____ SUPPLIED MATERIAL

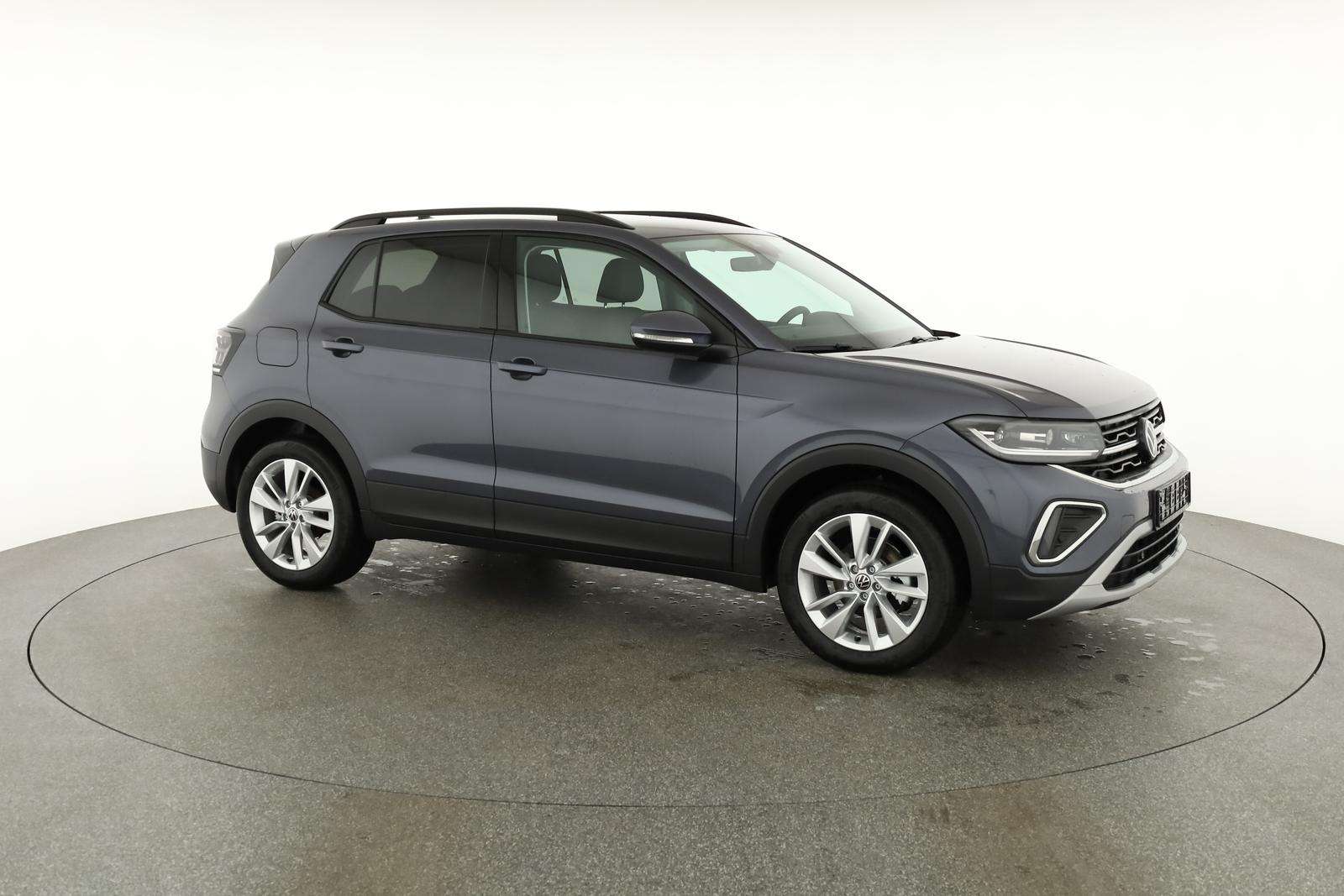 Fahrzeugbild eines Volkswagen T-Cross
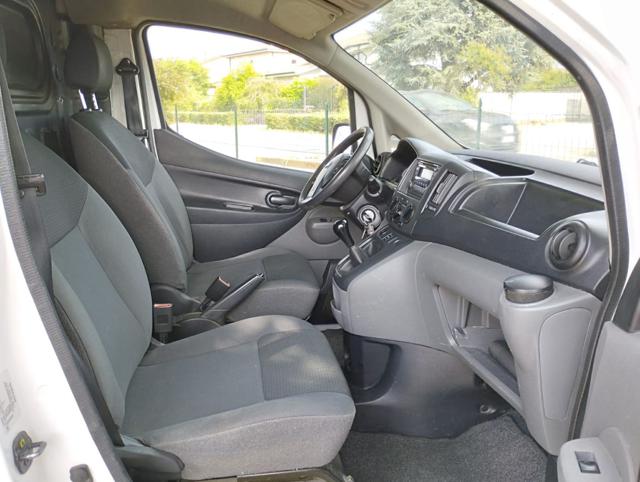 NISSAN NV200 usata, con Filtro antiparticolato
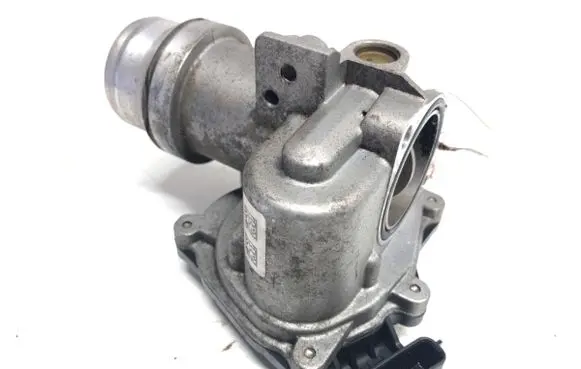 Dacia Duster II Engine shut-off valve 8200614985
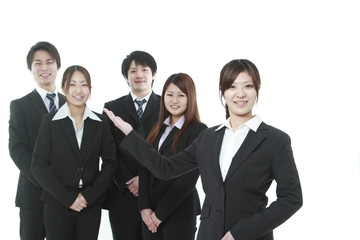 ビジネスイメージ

________

The material must be returned exactly, with its pictures omitted.

ANSWER BELOW -
 Fahrzeugbild eines Volkswagen T-Cross
 NISSAN NV200 usata, con Filtro antiparticolato
 Dacia Duster II Engine shut-off valve 8200614985
 ビジネスイメージ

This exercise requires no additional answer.